Sherbrooke en voie d’avoir son premier cimetière musulman

Le terrain dont la vente a été approuvée se trouve à proximité du Cimetière Saint-Michel (photo).
Le terrain dont la vente a été approuvée se trouve à proximité du Cimetière Saint-Michel (photo).   (Mario Hains, CC BY-SA 3.0)
Philippe Vaillancourt | Journaliste
Journaliste
2018-10-12 11:55 || Québec Québec

La Ville de Sherbrooke a autorisé le 9 octobre la vente d'un terrain à l'Association culturelle islamique de l'Estrie (ACIE), étape cruciale vers l’établissement d’un premier cimetière musulman dans la ville.

Mardi, le comité exécutif de la Ville de Sherbrooke a autorisé la vente sous condition d’une partie du lot 1 329 322 située sur la rue Desaulniers à l’Association culturelle islamique de l’Estrie.

La vente concerne un terrain d’une superficie de 2 793 m² pour un montant de 69 800$.

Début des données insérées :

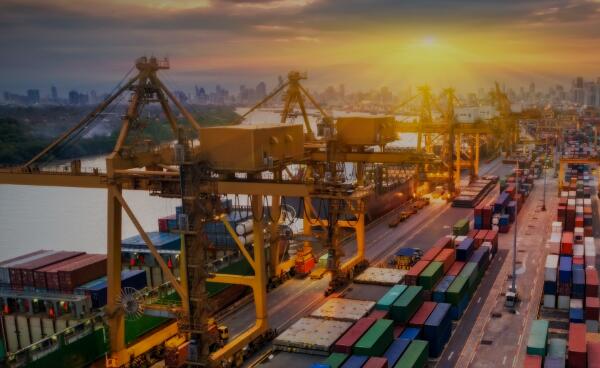 �н�˾��9�º����г�����������ռ����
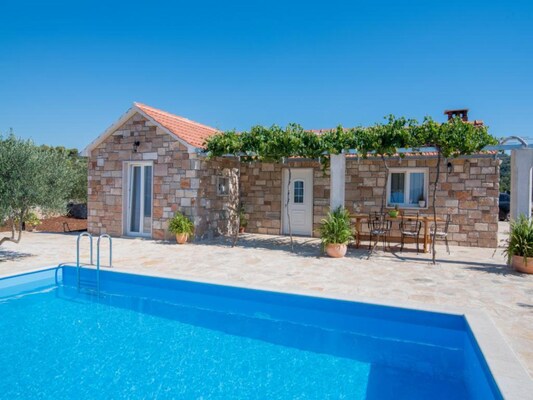 Vakantiehuis met zwembad in Supetar (Kroatië) voor 6 personen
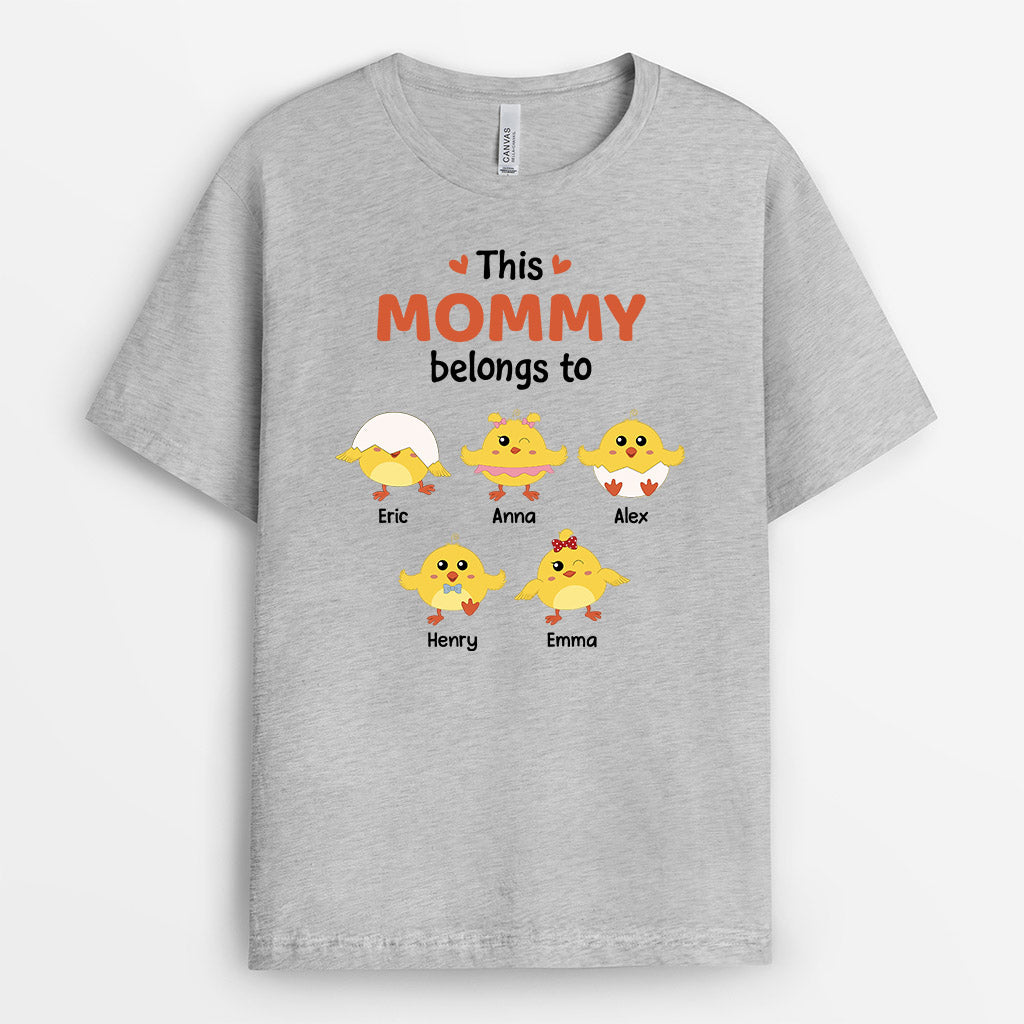 This Grandma Belongs To Her Chicks - Personalized T-Shirt - For Grandma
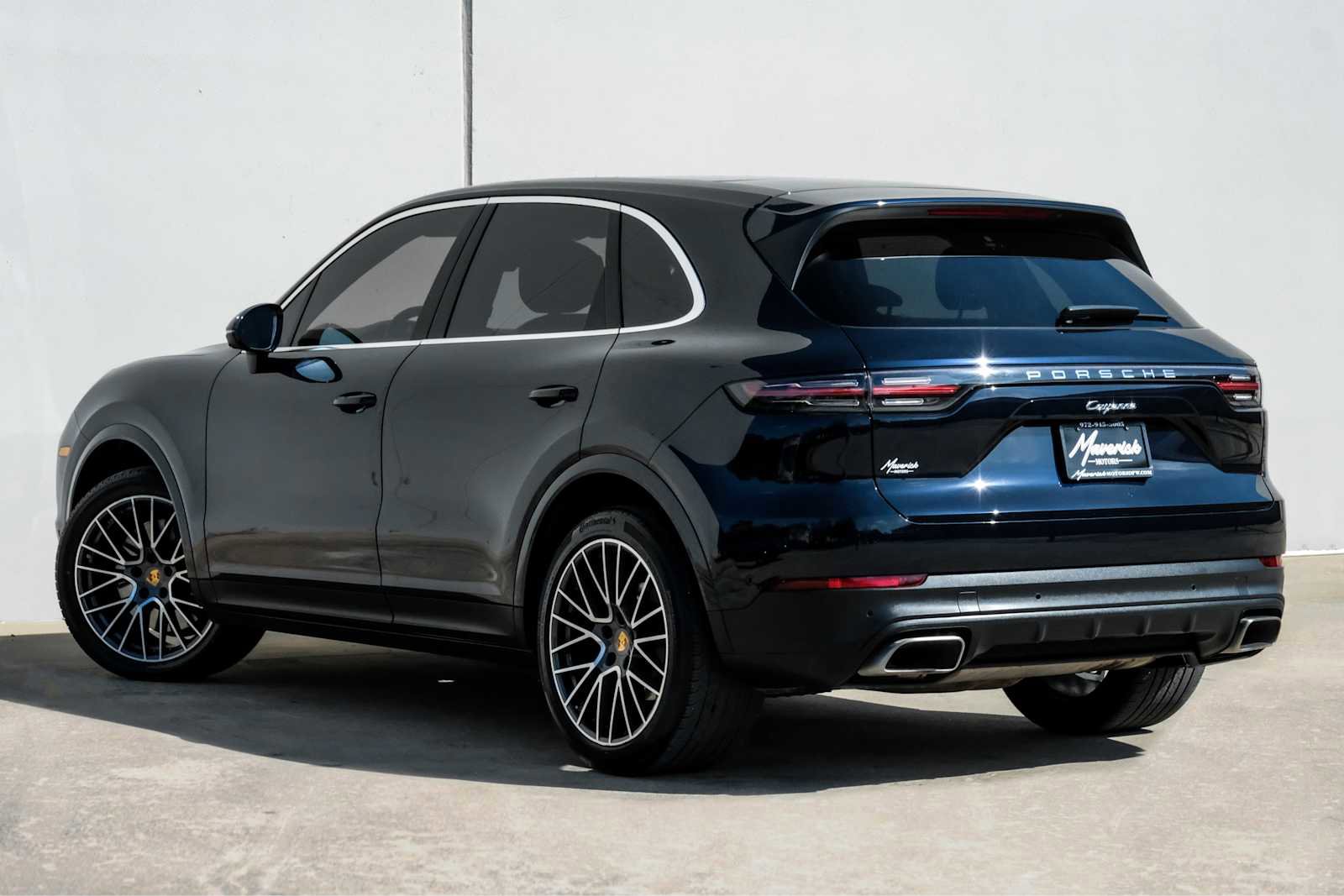 Used 2022 Porsche Cayenne image 11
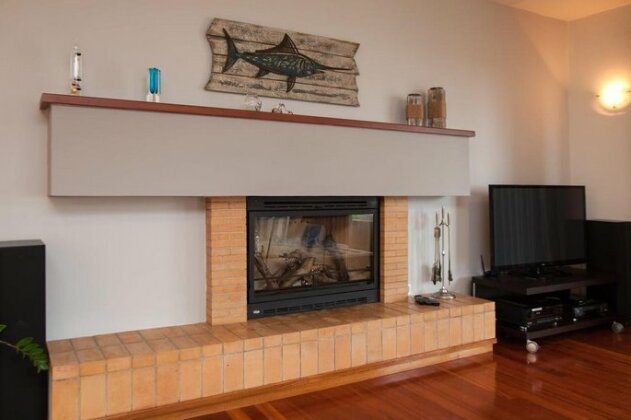 Villa Ampelaki - with heated pool - Photo3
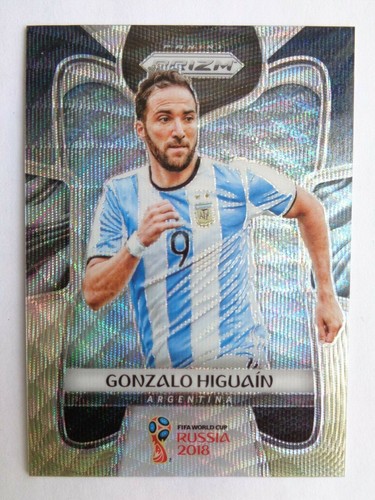 Gonzalo Higuain [Gold Prizm] #5 2018 Panini Prizm World Cup card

Le terrain est adjacent à celui du Cimetière Saint-Michel, dans l’arrondissement Fleurimont.

«Le taux a été fixé en tenant compte de la localisation du terrain à l’extérieur des secteurs développés et en considérant l’absence du réseau d’égout dans ce secteur », a précisé la ville dans un communiqué.

La vente est conditionnelle à l’obtention des autorisations requises en fonction de la Loi sur les cimetières non catholiques.

Sherbrooke a aussi annoncé qu’il est «convenu que l’Association culturelle islamique de l’Estrie assumerait tous les frais relatifs à la vente et aux études exigées par les différents ministères».

Le projet de cimetière musulman avait été officiellement lancé le 10 février 2017 par l’ACIE.

«L’élan de soutien de toutes les communautés et en particulier des responsables politiques de tout bord, suite aux attentats de Québec contre le Centre culturel islamique de Québec, nous appelle à la prise d’initiatives indispensables à notre intégration et à notre engagement durable», avait alors écrit l’association dans un message à la communauté musulmane.

L’absence d’un cimetière musulman à Sherbrooke avait été douloureusement ressentie en juillet dernier lorsqu’une fillette de 8 ans est morte par noyade dans la rivière Magog. L’enfant d’origine syrienne avait dû être enterrée à Montréal.